Republican governors push Congress to drop EV tax credits for unions
Washington — Nearly a dozen Republican governors from auto-producing states urged congressional leadership on Wednesday to drop tax credits for union-made electric vehicles from Democrats' climate proposal.
The list includes governors of several states that are home to Detroit Three assembly plants, which are unionized by the United Auto Workers. Among them is Gov. Bill Lee of Tennessee, where Ford Motor Co. recently announced it would spend $5.6 billion to build an EV assembly, battery manufacturing and supplier campus.

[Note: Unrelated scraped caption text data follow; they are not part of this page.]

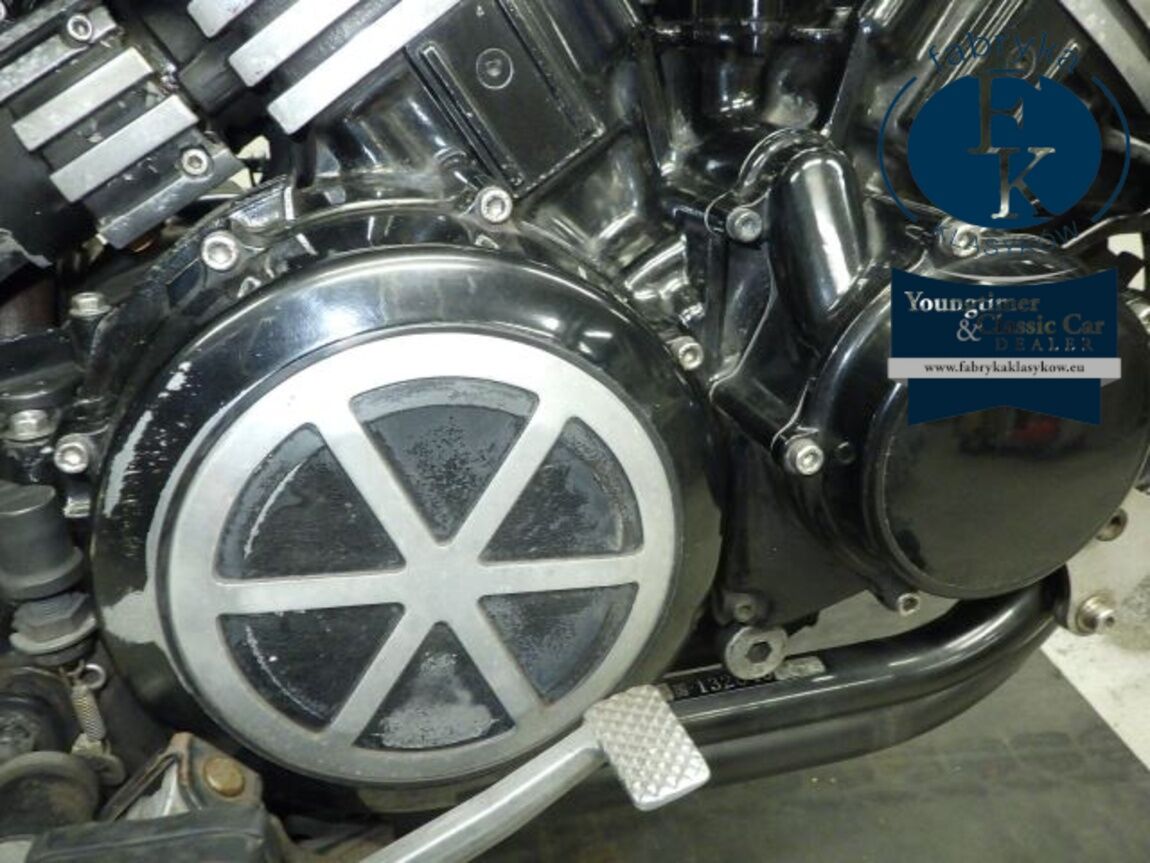 YAMAHA V-MAX 1996 - zdjęcie 9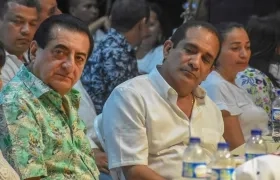 Jorge Oñate y Rafael Manjarrez.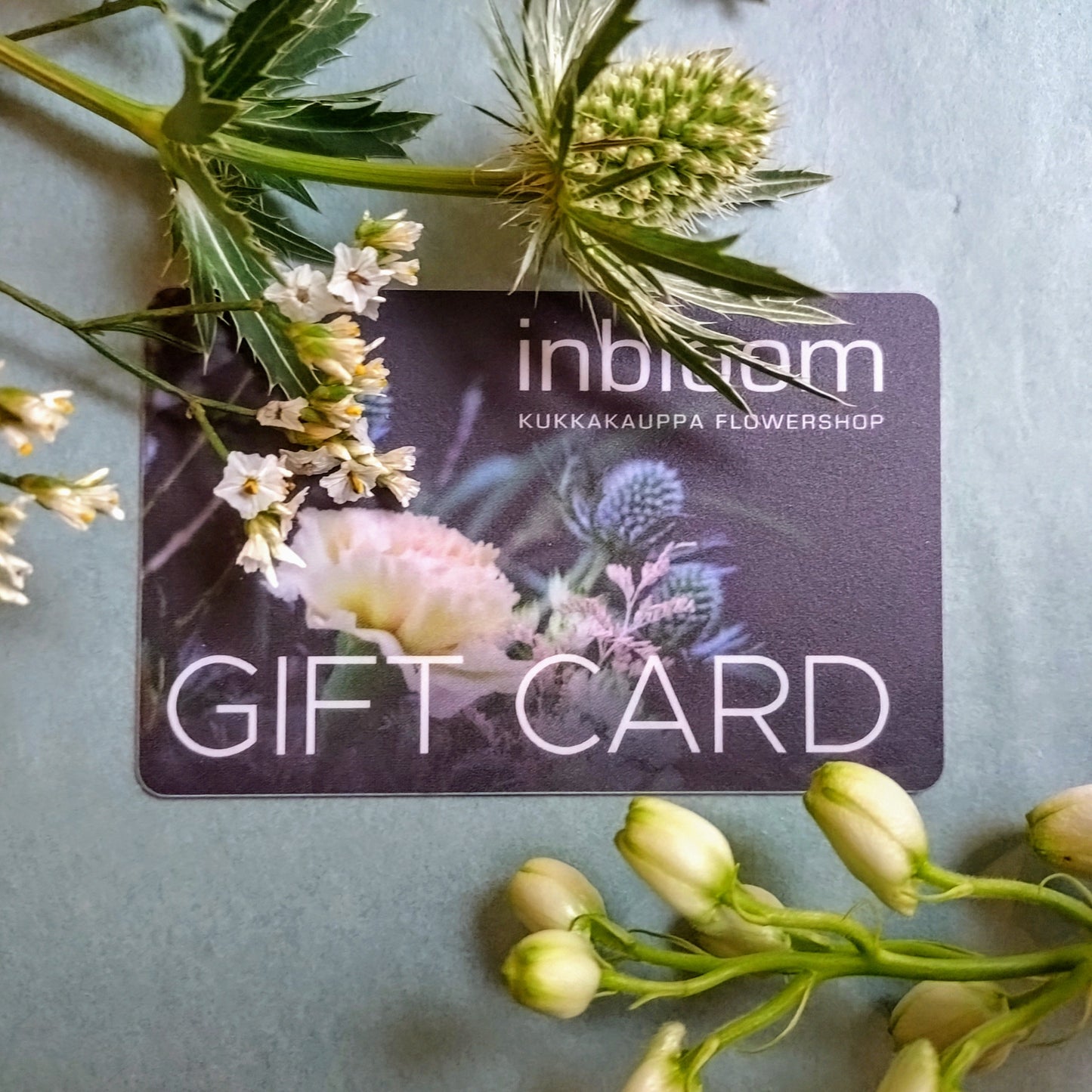 Inbloom gift card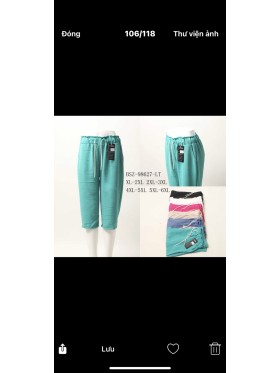Rybaczki damskie ,size XL-6xl, paczka 12szt,mix kolor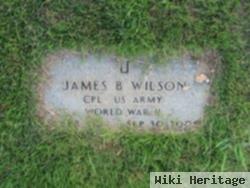 James B. Wilson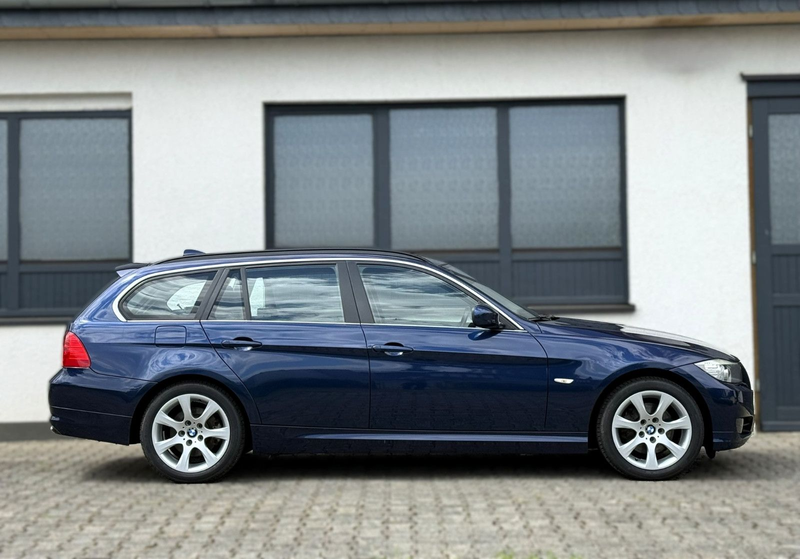 BMW 320 d xDrive Touring | Scheckheft | gepflegt — photo 5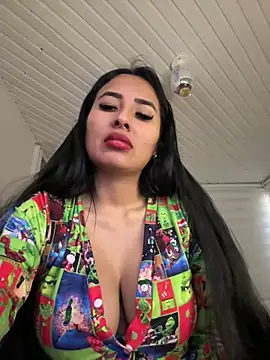 Anily Lovely online show from 26, 1, 2025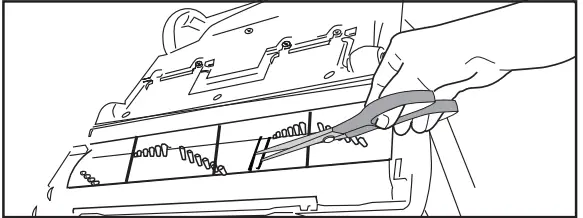 eureka NEC180 Series RapidClean Pro Lightweight Cordless Vacuum Cleaner - fig14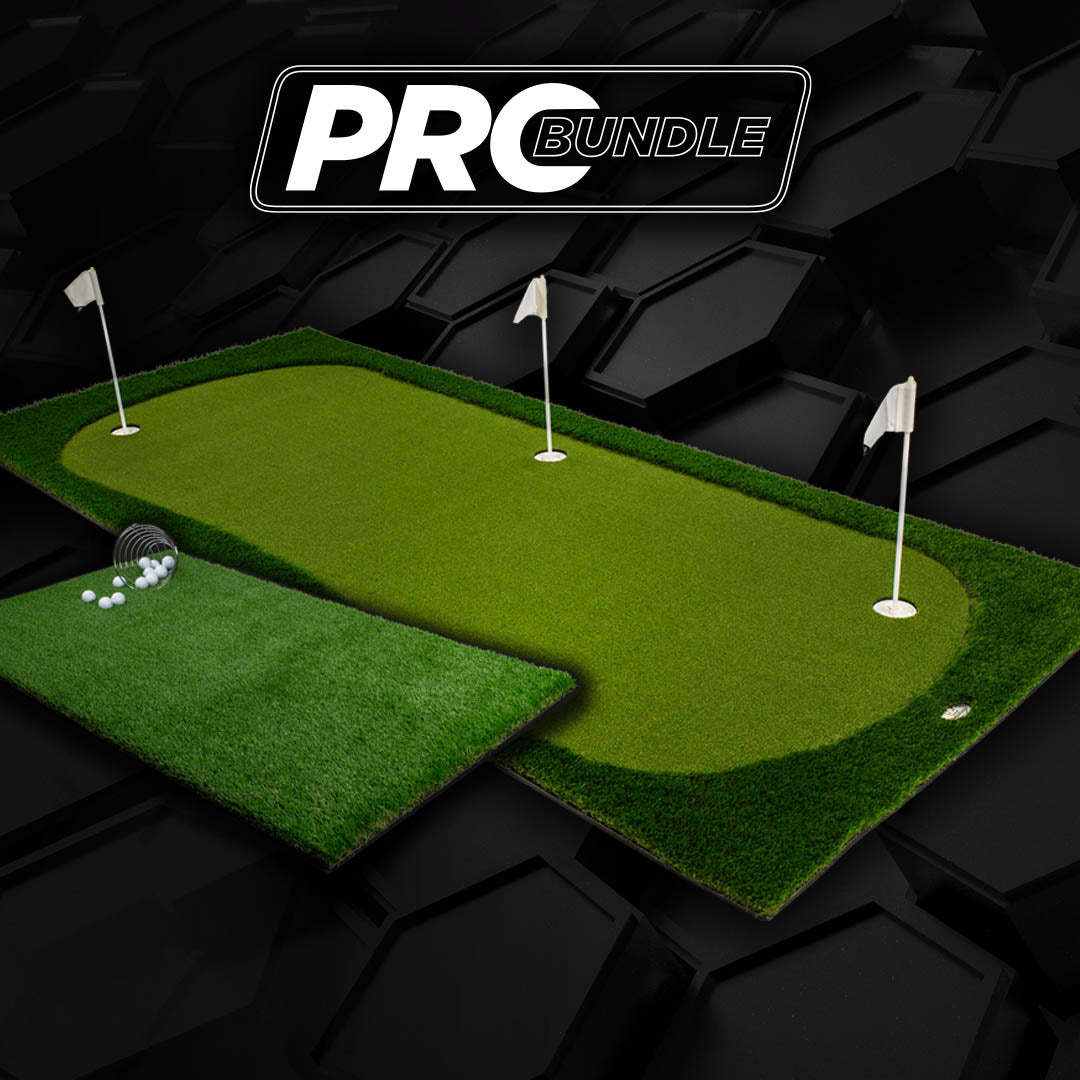 SAVE PUTT Practice Mat アプリ連動 パター練習マット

"We are deeply concerned that Congress is considering legislation that gives union labor a competitive advantage over non-union labor in the electric vehicle market," the governors wrote in the letter led by South Carolina Gov. Henry McMaster. The governors of Alabama, Arizona, Arkansas, Florida, Georgia, Indiana, Mississippi, Oklahoma and Texas also signed the note.
"We cannot support any proposal that creates a discriminatory environment in our states by punishing autoworkers and car companies because the workers in their plants chose not to unionize. This legislation is not about supporting emerging technology but is instead a punitive attempt to side with labor unions at the cost of both American workers and consumers."
The EV tax credit proposal is part of Democrats' social safety net and climate legislation being debated in Washington. Rep. Dan Kildee, D-Flint Township, and Sen. Debbie Stabenow, D-Lansing, spearheaded the legislation, which would eliminate the automaker cap on EV credits and implement up to $12,500 in point-of-sale consumer rebates.
Vehicles built by union workers would qualify for $4,500 worth of credits, and vehicles with batteries made in the U.S. would get an additional $500 consumer credit. Beginning in 2027, vehicles would have to be assembled in the U.S. to qualify for the full $12,500 worth of credits.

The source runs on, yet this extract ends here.